Problem description -
Could you repeat the entries below exactly, but only from the line with "Superar subvención" through the line with "Scorecard for user nahum_t", and without any picture?

(Input data)

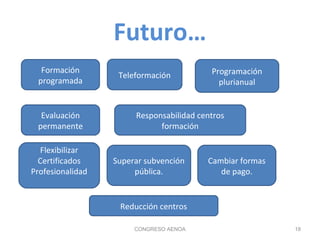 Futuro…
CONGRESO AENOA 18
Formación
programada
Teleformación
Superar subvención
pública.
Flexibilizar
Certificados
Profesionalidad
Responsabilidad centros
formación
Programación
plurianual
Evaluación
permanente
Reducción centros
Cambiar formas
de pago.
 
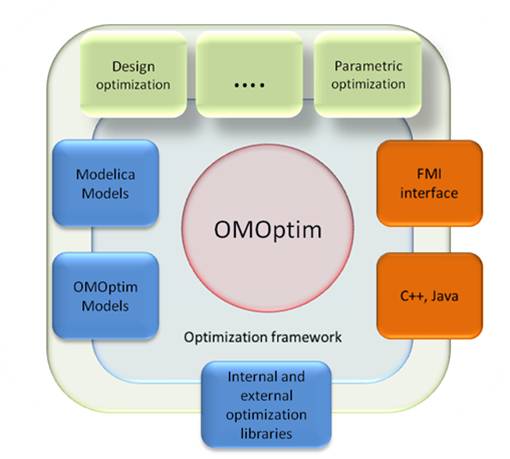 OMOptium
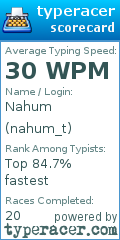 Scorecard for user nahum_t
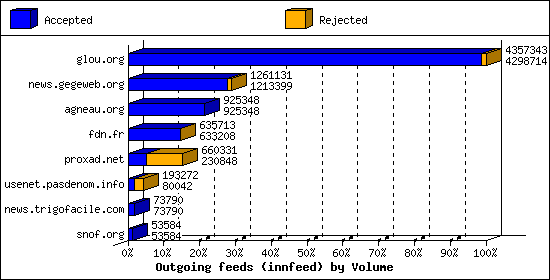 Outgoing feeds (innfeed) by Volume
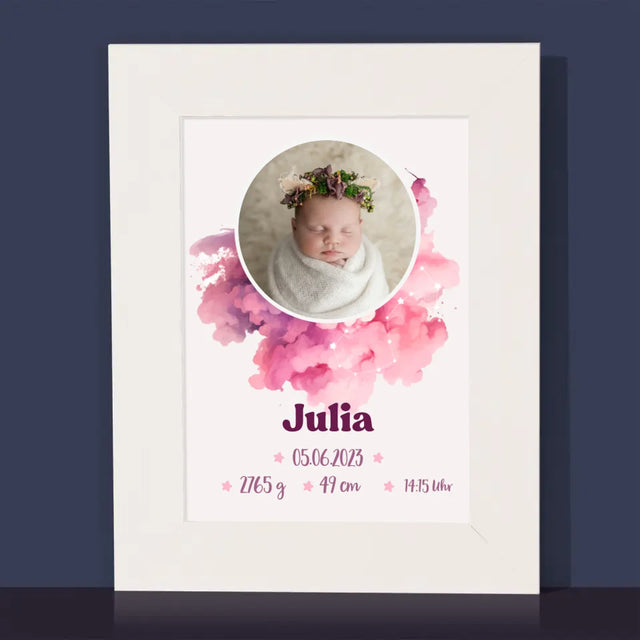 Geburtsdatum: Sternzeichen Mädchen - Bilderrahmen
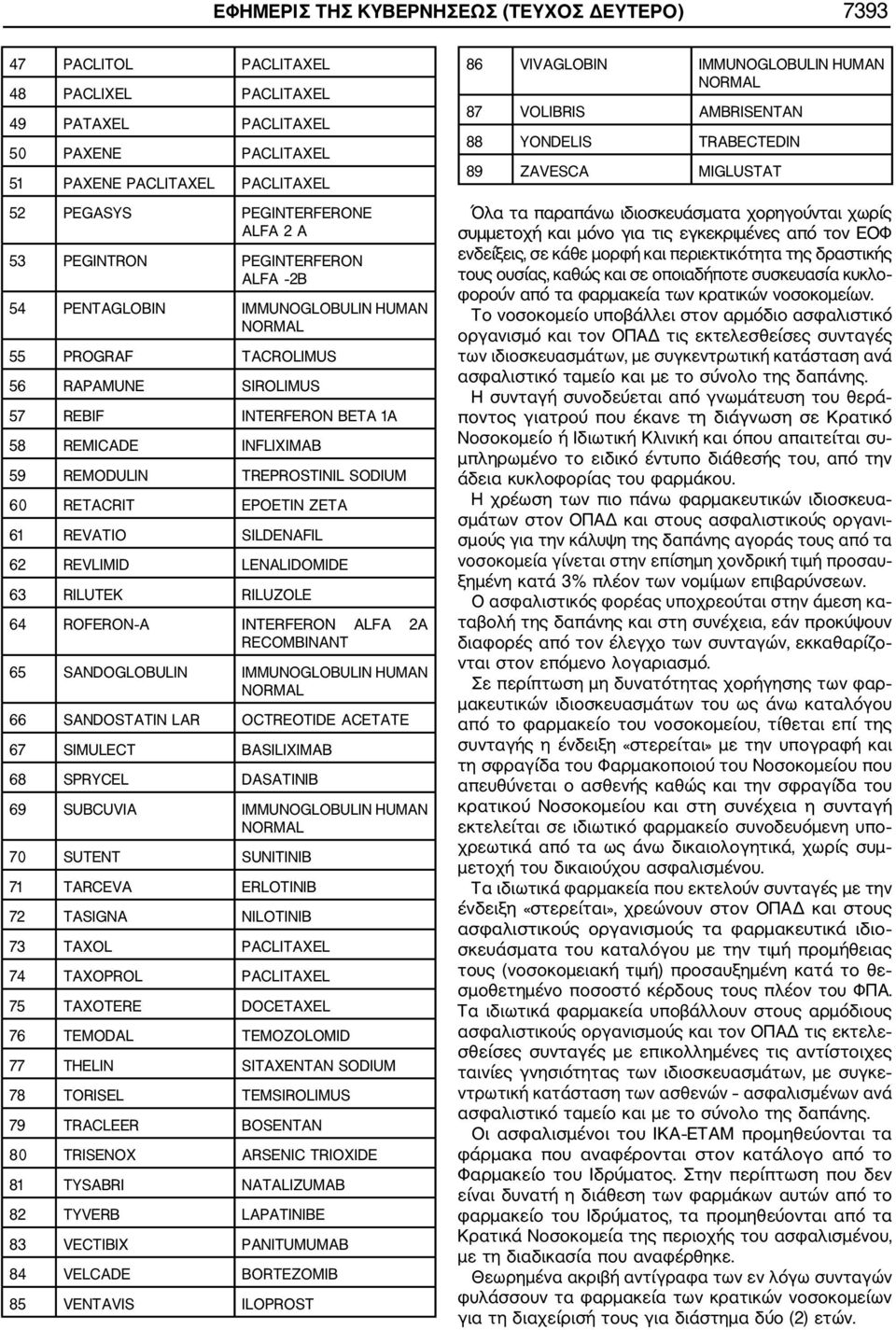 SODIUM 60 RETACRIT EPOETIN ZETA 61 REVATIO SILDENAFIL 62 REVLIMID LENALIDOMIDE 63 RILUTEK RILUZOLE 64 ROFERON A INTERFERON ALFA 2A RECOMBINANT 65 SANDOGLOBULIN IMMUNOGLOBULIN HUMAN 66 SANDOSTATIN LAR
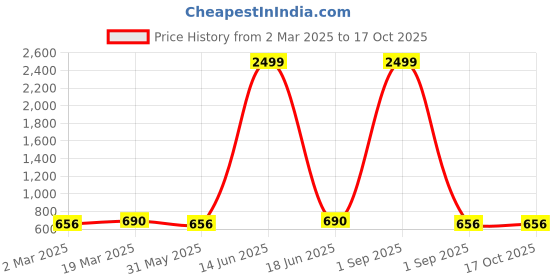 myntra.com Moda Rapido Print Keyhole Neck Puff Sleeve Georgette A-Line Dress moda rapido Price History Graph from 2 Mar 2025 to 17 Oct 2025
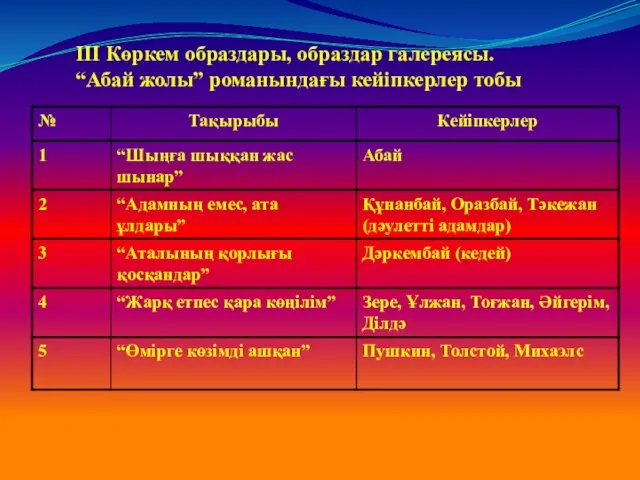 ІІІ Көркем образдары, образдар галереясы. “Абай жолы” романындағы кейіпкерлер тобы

(End Input data)
(Input data)

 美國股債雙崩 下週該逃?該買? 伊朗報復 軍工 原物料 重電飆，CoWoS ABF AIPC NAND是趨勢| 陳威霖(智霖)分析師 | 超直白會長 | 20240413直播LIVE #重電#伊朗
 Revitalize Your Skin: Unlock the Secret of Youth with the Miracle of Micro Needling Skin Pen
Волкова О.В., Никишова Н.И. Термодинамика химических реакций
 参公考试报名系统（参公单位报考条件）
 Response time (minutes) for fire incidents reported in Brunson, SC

(End Input data)
(Input data)

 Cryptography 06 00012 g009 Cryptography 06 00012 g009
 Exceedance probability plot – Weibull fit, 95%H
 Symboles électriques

(End Input data)

Written reply -
Superar subvención
pública.
Flexibilizar
Certificados
Profesionalidad
Responsabilidad centros
formación
Programación
plurianual
Evaluación
permanente
Reducción centros
Cambiar formas
de pago.
 
 OMOptium
 Scorecard for user nahum_t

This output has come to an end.